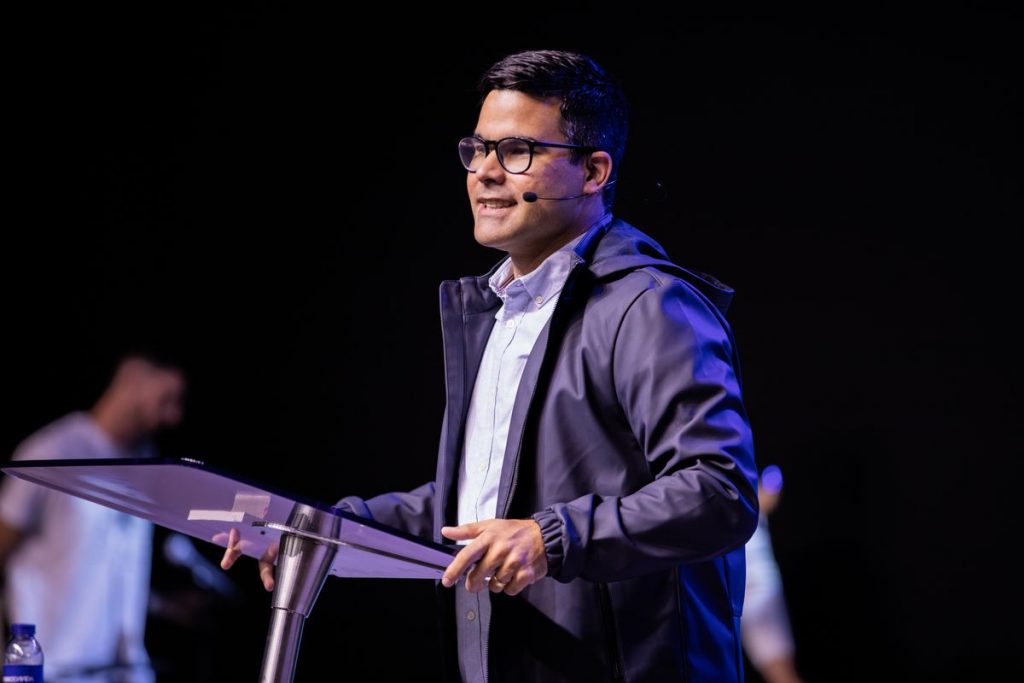 Pr. Perilo Borba ministrando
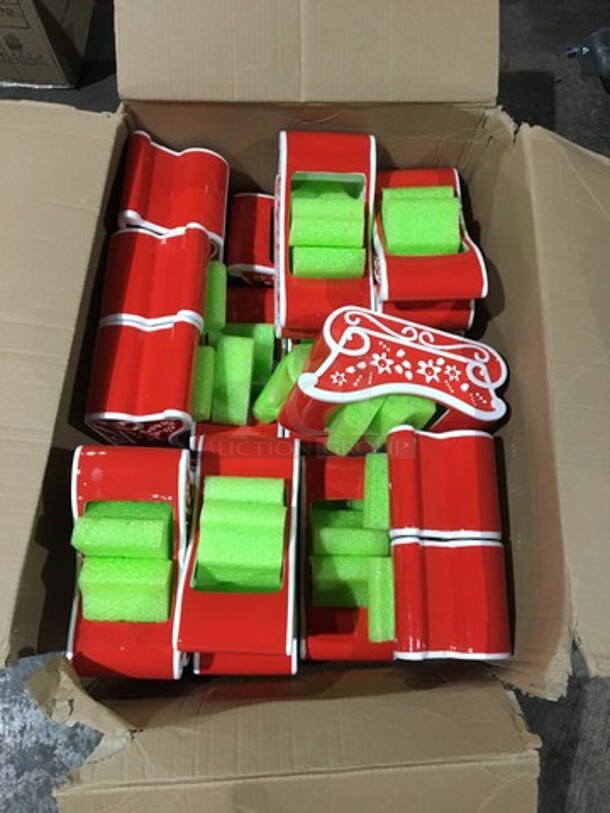 NICE! ALL ONE MONEY! Ceramic "Santa's Sleigh" Arrangement Holder! - Image 2 of 7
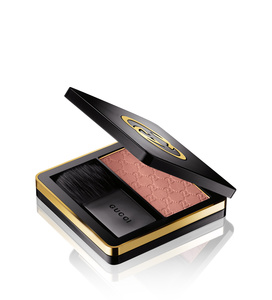 Gucci sheer blushing powder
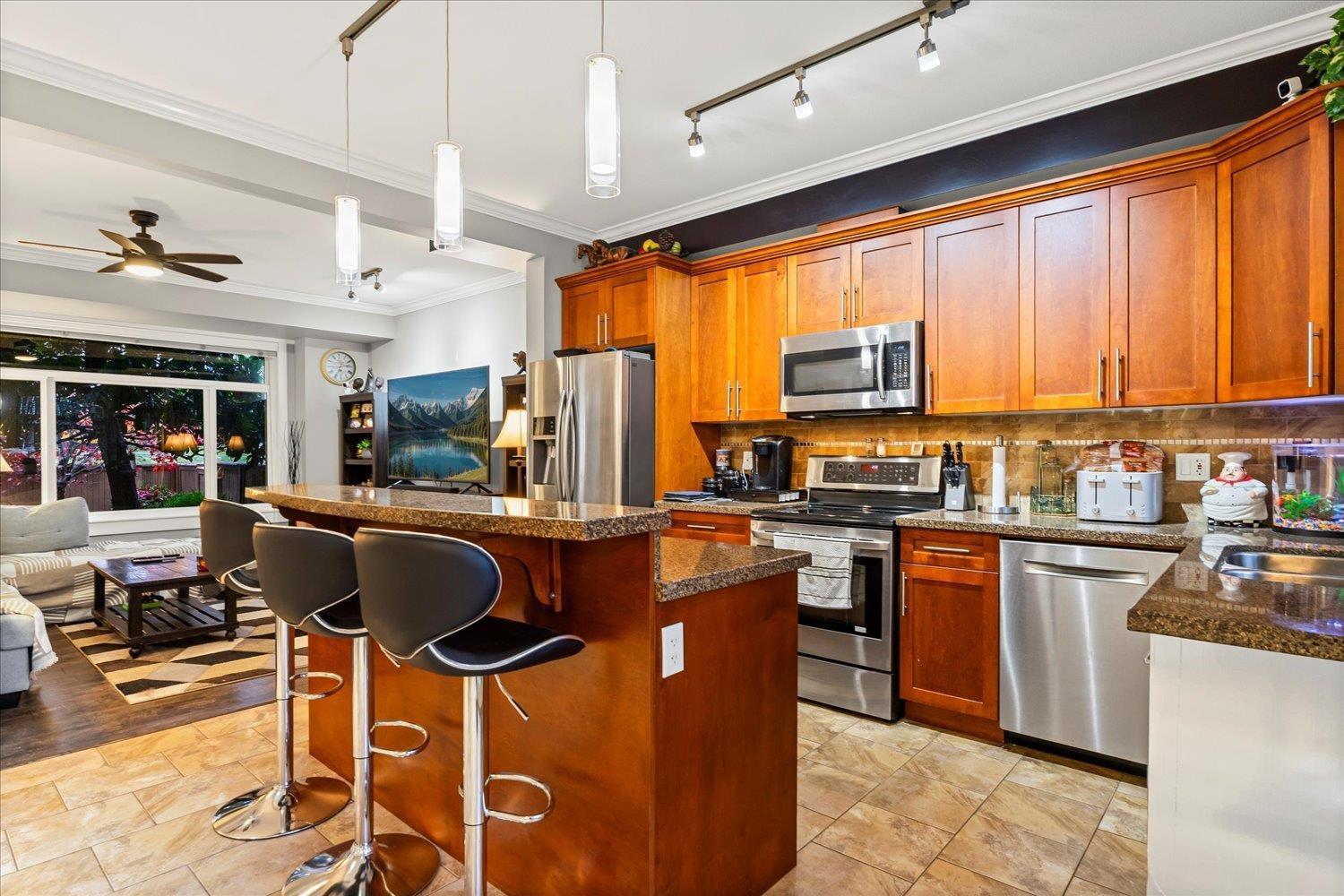 4 5623 TESKEY WAY, Promontory, Chilliwack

━━━━━━━━━━━━━━━━

YOUR GOAL
Every line of the data is to be transcribed exactly, and no picture is to be included.

RESULT BELOW
 Pr. Perilo Borba ministrando
 NICE! ALL ONE MONEY! Ceramic "Santa's Sleigh" Arrangement Holder! - Image 2 of 7
 Gucci sheer blushing powder
 4 5623 TESKEY WAY, Promontory, Chilliwack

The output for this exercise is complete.